The second and probably the most important comment is:
On this matter considerable vigilance and speedy action by the Government would seem the only way of mitigating the severity of the problem.
I know from discussions that a great many industrialists are gravely perturbed at the diffident manner in which anti-dumping legislation is being proceeded with, and at the delay in implementing what they believe is essential to mitigate or prevent hardship, loss of employment and unfair competition. I also know that lowpriced imports from countries such as Japan, and places of origin such as Hong Kong, have a very serious effect on certain industries, and this effect can be well-nigh catastrophic.

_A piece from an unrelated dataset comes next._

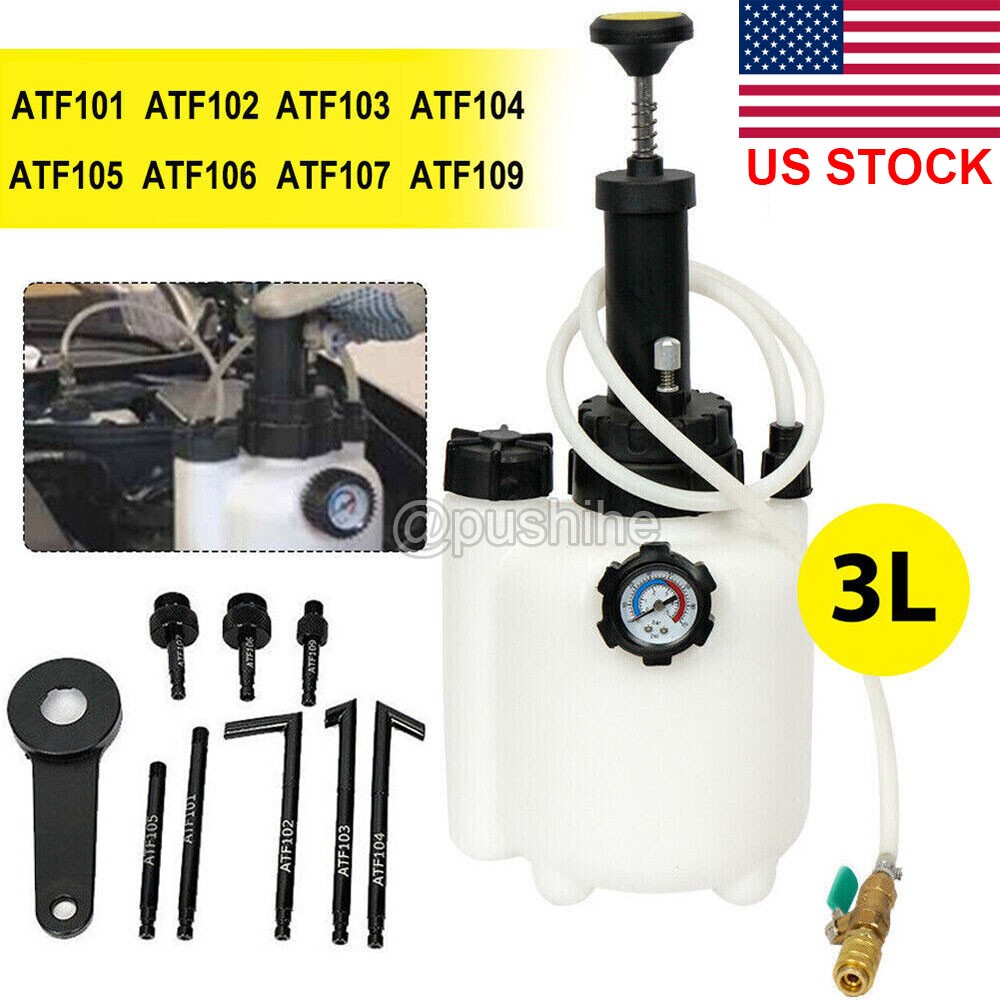 3L Transmission Oil Filling System Fluid Pump Manual Tool With 8pcs ATF Adaptors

It is vital that the delay and procrastination which have characterised the activities of the Government should cease. Legislation should be enacted which will enable action to be taken before, not after the problems created by dumping have been dealt with.
This Budget is obviously designed for the purpose of winning the local elections. Over the past two or three years, we had a succession of easy Budgets before elections, and increased taxation the minute the elections were over.